UNITED STATES - JUNE 16: A U.S. Capitol Police cruiser sits parked on the East Plaza of the Capitol on Thursday, June 16, 2011. (Photo By Bill Clark/Roll Call)
A U.S. Capitol Police cruiser sits parked on the East Plaza of the Capitol. (Bill Clark/CQ Roll Call file photo)

The Capitol Police described Sourgoutsis as an employee who wasn’t a good fit for the department, a sentiment that they said was evident from the start of her training. Sourgoutsis’ seven training violations ranged from uniform violations — such as wearing the wrong color socks — to chewing gum in class and missing her initial class photos because she was using the bathroom. She went on to graduate from the training academy in November 2014.

As a sworn police officer, Sourgoutsis received two command disciplinary infractions during her probationary period: one for a uniform infraction and another for sitting on a retaining wall while guarding a door at the Capitol Visitor Center. Her superiors alleged that she was distracted from guarding the door. These violations occurred on May 10, 2015 and May 11, 2015.

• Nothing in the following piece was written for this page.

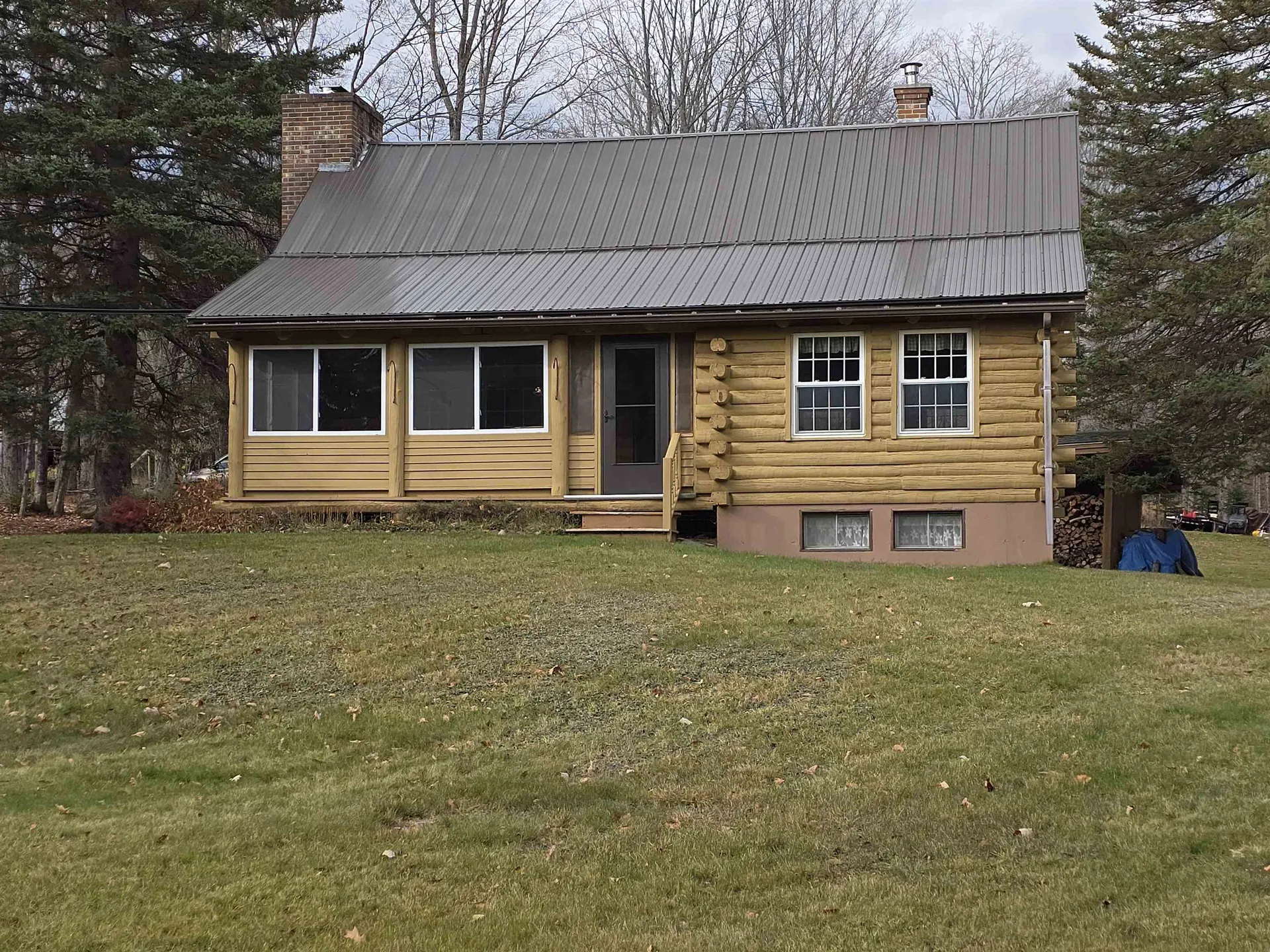 390 Hill Road Dummer NH 03588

The trial brought several department issues to the forefront, including a supervisor calling female subordinates “señorita” and “chica” while addressing male officers in a professional manner.

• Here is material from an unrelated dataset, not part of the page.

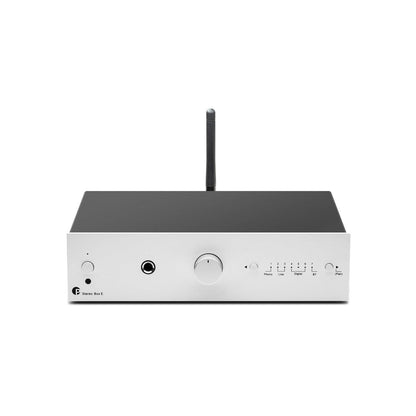 ♥️ Pro-Ject RECORD BOX E 🎶 phono stage-🟢 PremiumHIFI audio store. We craft High Fidelity sound wherever you are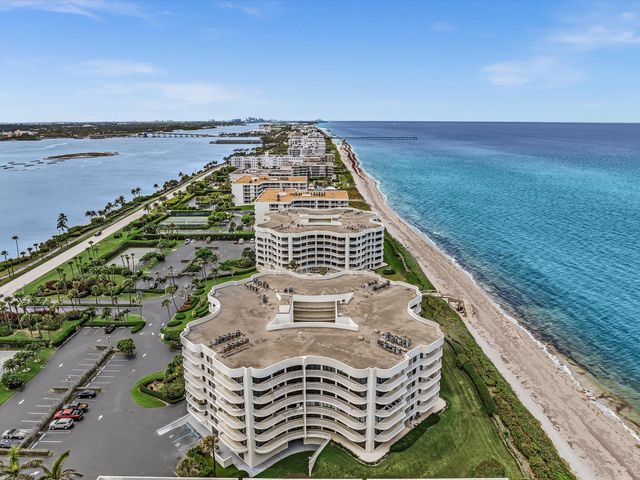 3360 S Ocean Boulevard 2a, Palm Beach, FL 33480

For new officers, department policies said quarterly reports “must be considered” when making a final determination of whether to fire a probationary employee. These reports routinely were not completed for officers under the leadership of Kim Dine, the former chief of police who was in charge when Sourgoutsis was fired in 2015. Dine’s successor, Matthew Verderosa, testified at trial that the department’s lack of adherence to its own policy regarding quarterly reports was a “systemic failure.”

None of Sourgoutsis’ quarterly reports was completed when it was time to fill out the fourth and final assessment of her job performance. This procedural shortcoming did not undermine the rationale for the Capitol Police to fire her, Dine said.

“Regardless of how her performance was monitored, it didn’t negate her actions,” Dine said last week at trial.